-- Opening Marker --
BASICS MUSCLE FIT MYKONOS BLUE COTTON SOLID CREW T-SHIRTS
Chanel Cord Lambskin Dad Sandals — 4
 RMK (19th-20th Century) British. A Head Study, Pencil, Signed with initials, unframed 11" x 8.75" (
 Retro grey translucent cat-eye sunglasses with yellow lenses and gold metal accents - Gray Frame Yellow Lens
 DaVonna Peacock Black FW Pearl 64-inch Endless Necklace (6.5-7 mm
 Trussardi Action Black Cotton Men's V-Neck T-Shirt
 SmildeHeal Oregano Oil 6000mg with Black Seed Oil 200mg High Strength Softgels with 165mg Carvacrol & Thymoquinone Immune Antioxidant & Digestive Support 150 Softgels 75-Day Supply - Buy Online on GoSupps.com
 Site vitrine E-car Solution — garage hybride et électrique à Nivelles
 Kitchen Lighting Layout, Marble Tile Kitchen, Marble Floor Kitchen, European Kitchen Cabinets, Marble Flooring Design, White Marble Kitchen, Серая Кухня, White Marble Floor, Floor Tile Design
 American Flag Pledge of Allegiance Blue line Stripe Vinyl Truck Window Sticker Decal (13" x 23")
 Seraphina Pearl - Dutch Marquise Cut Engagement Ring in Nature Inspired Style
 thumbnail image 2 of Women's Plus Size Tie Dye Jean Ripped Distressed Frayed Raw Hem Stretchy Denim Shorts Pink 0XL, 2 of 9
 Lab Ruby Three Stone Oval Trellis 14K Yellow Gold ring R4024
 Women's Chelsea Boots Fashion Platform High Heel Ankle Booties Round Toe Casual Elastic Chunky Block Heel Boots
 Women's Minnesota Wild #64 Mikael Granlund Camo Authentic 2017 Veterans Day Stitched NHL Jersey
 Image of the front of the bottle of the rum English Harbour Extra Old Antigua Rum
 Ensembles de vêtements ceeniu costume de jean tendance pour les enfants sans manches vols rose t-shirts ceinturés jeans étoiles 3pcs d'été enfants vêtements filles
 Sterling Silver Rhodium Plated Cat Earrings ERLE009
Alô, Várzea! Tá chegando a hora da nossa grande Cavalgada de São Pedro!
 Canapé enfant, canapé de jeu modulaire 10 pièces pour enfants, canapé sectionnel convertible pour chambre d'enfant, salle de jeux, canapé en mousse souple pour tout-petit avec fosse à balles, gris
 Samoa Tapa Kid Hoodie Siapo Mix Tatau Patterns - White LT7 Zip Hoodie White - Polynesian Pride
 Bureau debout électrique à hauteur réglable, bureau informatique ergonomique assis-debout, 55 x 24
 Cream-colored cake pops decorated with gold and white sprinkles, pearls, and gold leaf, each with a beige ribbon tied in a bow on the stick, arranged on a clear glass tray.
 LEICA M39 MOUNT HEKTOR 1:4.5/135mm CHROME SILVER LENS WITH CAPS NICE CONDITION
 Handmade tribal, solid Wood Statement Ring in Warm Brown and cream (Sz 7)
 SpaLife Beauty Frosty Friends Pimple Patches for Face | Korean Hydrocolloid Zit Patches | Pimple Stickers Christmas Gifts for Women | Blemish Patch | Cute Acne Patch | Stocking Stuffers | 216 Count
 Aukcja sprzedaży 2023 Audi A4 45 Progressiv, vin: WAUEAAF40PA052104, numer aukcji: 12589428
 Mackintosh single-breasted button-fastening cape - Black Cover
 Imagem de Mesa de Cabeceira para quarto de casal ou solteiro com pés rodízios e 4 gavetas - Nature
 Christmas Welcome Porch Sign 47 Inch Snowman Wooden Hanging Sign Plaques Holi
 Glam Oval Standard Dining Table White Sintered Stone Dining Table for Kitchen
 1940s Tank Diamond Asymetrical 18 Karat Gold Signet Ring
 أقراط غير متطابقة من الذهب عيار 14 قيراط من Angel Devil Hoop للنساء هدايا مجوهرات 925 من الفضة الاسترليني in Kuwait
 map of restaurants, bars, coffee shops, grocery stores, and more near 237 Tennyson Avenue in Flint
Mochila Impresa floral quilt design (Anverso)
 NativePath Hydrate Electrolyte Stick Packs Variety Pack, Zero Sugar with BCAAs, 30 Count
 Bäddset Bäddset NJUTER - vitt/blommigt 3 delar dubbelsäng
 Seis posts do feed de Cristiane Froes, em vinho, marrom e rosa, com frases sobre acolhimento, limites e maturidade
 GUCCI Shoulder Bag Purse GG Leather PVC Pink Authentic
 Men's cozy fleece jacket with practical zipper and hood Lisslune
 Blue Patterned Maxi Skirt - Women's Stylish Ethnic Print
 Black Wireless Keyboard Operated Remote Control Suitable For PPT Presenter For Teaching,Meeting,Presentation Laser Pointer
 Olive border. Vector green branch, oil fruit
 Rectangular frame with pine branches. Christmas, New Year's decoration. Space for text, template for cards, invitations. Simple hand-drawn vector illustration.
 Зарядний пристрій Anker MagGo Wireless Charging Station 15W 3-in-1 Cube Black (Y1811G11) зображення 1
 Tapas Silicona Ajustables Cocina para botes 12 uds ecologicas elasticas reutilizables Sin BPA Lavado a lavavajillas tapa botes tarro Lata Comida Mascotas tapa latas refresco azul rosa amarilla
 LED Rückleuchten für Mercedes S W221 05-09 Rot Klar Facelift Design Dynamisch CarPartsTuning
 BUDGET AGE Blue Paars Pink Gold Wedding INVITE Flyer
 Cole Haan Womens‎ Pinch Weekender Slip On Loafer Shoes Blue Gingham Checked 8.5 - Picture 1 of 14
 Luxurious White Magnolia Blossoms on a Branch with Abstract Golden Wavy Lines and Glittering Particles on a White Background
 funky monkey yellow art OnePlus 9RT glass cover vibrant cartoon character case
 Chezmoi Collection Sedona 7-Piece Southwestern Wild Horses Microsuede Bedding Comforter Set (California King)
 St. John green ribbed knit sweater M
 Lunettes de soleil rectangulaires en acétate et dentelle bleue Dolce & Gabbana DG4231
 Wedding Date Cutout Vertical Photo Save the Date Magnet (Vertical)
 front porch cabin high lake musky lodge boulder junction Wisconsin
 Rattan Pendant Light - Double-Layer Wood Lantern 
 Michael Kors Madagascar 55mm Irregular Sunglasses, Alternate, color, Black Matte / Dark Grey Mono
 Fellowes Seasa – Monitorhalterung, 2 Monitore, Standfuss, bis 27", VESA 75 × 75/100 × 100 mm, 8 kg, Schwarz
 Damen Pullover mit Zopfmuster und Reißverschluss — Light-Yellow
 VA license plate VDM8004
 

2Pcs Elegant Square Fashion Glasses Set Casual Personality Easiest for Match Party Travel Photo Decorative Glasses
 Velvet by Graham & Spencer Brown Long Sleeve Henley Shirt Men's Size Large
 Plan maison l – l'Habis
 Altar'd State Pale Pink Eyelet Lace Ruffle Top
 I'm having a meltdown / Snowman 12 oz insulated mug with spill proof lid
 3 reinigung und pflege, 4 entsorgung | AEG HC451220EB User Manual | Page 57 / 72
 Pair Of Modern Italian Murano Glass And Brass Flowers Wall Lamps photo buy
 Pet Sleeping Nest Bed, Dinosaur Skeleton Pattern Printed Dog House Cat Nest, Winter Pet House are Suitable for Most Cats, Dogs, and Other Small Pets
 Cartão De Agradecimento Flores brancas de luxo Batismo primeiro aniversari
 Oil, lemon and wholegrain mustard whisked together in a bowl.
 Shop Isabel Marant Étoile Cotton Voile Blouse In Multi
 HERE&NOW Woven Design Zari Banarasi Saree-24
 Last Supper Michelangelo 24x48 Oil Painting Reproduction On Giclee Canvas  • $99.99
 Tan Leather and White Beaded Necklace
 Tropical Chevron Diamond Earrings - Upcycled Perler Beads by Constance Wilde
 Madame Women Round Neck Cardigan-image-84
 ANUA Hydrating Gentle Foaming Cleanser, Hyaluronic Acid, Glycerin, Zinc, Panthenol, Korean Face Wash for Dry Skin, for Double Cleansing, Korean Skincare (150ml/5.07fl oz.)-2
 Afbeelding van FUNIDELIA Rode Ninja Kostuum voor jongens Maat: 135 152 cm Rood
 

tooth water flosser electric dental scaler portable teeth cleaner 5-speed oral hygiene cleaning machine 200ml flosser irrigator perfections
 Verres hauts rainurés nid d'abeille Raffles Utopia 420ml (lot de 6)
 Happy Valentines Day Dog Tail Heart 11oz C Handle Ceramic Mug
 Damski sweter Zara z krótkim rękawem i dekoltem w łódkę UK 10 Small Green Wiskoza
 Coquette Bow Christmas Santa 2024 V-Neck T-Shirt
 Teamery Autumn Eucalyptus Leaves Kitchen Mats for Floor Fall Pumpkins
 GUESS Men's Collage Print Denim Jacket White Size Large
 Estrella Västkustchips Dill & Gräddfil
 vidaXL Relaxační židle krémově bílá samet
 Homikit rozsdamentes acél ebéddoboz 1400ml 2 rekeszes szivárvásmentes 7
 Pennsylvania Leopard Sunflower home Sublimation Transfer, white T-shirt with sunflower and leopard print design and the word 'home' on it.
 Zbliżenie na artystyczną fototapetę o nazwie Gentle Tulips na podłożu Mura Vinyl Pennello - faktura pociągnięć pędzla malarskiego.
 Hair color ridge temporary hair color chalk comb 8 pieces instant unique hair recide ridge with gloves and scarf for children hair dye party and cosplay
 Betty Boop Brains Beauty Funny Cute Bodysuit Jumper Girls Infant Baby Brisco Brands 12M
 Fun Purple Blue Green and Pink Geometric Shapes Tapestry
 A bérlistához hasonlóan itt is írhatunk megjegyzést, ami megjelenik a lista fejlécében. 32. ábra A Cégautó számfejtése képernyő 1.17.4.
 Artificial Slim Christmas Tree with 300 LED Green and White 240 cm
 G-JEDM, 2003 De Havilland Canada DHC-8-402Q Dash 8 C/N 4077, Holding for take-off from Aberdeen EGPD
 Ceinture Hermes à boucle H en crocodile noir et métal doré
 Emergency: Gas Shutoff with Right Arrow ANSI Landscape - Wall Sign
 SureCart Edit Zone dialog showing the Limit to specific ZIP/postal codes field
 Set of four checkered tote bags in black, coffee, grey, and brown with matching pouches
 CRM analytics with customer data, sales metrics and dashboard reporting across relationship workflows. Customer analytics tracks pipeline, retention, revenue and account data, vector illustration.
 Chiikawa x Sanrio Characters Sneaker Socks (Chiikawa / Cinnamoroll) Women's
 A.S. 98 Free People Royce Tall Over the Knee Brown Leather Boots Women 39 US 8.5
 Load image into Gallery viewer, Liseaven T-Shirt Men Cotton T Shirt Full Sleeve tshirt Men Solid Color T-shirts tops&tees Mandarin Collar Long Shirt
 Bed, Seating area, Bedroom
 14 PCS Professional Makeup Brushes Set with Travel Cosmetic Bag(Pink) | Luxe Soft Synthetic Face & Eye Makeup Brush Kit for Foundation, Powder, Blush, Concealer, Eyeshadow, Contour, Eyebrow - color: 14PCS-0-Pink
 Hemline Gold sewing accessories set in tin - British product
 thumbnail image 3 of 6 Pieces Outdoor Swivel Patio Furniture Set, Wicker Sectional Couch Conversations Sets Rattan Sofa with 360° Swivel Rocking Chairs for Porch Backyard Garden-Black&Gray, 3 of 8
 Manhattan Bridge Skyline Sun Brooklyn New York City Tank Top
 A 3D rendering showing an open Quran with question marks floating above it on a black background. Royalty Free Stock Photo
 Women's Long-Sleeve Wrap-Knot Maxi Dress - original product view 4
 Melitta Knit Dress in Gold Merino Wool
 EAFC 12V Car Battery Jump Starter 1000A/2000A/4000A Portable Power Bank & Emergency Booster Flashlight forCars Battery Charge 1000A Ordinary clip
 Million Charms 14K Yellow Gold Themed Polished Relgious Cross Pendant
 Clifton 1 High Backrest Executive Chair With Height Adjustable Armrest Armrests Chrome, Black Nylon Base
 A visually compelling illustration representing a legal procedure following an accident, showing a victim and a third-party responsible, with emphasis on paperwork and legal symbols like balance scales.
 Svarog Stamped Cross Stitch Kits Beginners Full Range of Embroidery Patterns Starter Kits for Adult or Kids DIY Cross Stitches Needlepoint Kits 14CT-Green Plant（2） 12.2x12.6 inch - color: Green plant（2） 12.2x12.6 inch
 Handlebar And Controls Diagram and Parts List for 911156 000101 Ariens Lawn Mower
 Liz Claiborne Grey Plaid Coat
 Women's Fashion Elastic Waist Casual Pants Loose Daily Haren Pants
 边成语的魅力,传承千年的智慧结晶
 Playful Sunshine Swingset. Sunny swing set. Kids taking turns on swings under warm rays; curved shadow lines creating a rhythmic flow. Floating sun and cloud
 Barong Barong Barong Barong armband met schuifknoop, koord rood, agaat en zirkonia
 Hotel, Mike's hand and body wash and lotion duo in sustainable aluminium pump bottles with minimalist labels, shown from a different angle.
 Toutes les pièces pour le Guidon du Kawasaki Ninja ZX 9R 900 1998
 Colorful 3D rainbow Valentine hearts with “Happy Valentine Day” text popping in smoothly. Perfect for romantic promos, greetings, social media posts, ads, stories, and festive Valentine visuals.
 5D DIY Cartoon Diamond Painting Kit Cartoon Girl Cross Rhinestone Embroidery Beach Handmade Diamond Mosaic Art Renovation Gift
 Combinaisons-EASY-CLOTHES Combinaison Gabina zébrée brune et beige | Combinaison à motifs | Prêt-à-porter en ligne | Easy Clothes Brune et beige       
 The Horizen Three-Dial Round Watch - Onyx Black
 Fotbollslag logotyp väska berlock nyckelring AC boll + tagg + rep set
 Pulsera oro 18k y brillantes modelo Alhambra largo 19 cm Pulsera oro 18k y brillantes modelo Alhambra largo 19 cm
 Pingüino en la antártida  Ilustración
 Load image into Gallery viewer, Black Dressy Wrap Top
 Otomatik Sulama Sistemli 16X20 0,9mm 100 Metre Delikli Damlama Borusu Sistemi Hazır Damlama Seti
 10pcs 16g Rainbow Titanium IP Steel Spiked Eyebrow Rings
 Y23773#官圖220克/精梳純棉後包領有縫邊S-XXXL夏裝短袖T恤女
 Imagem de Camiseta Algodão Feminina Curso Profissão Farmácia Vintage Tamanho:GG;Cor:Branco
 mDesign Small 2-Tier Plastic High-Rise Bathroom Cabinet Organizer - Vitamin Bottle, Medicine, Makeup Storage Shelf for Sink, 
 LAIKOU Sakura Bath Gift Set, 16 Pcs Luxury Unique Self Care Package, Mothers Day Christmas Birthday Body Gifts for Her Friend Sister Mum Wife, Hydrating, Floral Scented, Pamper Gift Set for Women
-- Closing Marker --
Among the lines above, find the one with "Site vitrine E-car" and the one with "Women's Chelsea Boots". Quote both and everything between them, exactly.

 Site vitrine E-car Solution — garage hybride et électrique à Nivelles
 Kitchen Lighting Layout, Marble Tile Kitchen, Marble Floor Kitchen, European Kitchen Cabinets, Marble Flooring Design, White Marble Kitchen, Серая Кухня, White Marble Floor, Floor Tile Design
 American Flag Pledge of Allegiance Blue line Stripe Vinyl Truck Window Sticker Decal (13" x 23")
 Seraphina Pearl - Dutch Marquise Cut Engagement Ring in Nature Inspired Style
 thumbnail image 2 of Women's Plus Size Tie Dye Jean Ripped Distressed Frayed Raw Hem Stretchy Denim Shorts Pink 0XL, 2 of 9
 Lab Ruby Three Stone Oval Trellis 14K Yellow Gold ring R4024
 Women's Chelsea Boots Fashion Platform High Heel Ankle Booties Round Toe Casual Elastic Chunky Block Heel Boots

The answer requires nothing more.